Matthew Choi, Campus Editor

More than 1,300 faculty members of law schools across the country, including 29 from Northwestern’s Pritzker School of Law, signed a letter opposing Sen. Jeff Sessions’ (R-Ala.) appointment for U.S. attorney general.

The letter, organized by a group of seven law school professors from across the country — including one from Northwestern — decried Sessions’ voting record and public support for policies they say are regressive and promote discrimination. The letter urges senators to reject the nomination, which was made by President-elect Donald Trump.

Organizers delivered the letter to the Senate Judiciary Committee on Tuesday and plan to publish it Monday as an advertisement in newspapers in Maine and South Carolina, said Northwestern law Prof. Alison Flaum, one of the original organizers of the statement.

The statement said Sessions has a history of prejudiced remarks, support for “regressive drug policies that have fueled mass incarceration” and “repeated opposition to legislative efforts to promote the rights of women and members of the LGBTQ community.” Sessions had previously been rejected of a federal judgeship by a Republican-controlled Senate in 1986 due to prejudiced remarks against African Americans, according to the statement.

“Nothing in Senator Sessions’ public life since 1986 has convinced us that he is a different man than the 39-year-old attorney who was deemed too racially insensitive to be a federal district court judge,” the letter said.

Sessions and his office could not be reached for comment by the time of publication.
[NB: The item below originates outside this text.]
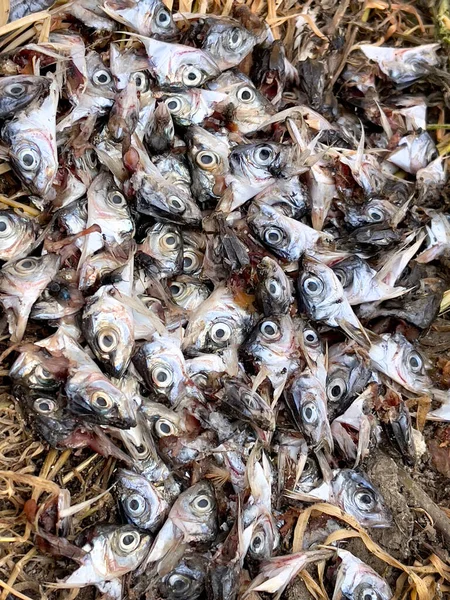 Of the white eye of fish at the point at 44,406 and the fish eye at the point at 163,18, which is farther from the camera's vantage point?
the fish eye at the point at 163,18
Within 72 hours of publishing the letter, more than 1,000 signatories joined the statement. Faculty from law schools in all states except Alaska — which does not have a law school — have since signed the statement. The letter remains open for law faculty to sign.

“We were really surprised and heartened by the breath of the response, not only hearing from so many people, but from professors literally all over the country,” Flaum said.
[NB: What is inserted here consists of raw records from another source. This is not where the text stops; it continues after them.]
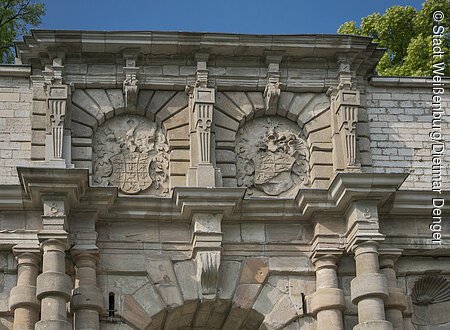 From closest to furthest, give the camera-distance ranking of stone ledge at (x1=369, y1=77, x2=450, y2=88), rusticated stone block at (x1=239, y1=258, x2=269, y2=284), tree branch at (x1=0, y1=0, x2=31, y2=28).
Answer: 1. rusticated stone block at (x1=239, y1=258, x2=269, y2=284)
2. stone ledge at (x1=369, y1=77, x2=450, y2=88)
3. tree branch at (x1=0, y1=0, x2=31, y2=28)

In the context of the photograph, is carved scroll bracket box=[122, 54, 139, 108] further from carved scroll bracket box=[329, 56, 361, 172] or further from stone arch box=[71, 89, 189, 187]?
carved scroll bracket box=[329, 56, 361, 172]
Northwestern law Prof. Grace Dodier said she heard about the letter through colleagues at NU and decided to sign the letter hoping it would prompt senators to critically examine Sessions’ past actions when deciding whether to approve his nomination.

“He’s a person who’s expressed opinions and taken positions that are inconsistent with the role that he would assume as the country’s chief law-enforcement officer,” Dodier said. “So I wanted to go on the record as saying that I don’t support this particular nominee.”

Though it is difficult to tell the odds of convincing a Republican-controlled Senate to vote against Sessions’ nomination, Dodier said she hopes the letter will spark conversation among lawmakers and citizens about the nominee’s qualifications.

Flaum added that it’s improbable that the current Senate will reject the nomination, but she felt that as a lawyer and law professor, she needed to make a public objection.

“The Code of Professional Responsibility, which is sort of the lawyer’s ethical playbook, talks about how every lawyer has the standard calling, the special responsibility for the quality of justice,” Flaum said. “As someone who teaches law and helps train and support new lawyers, that meant speaking up and supporting the people who are doing the same, even though the odds are long.”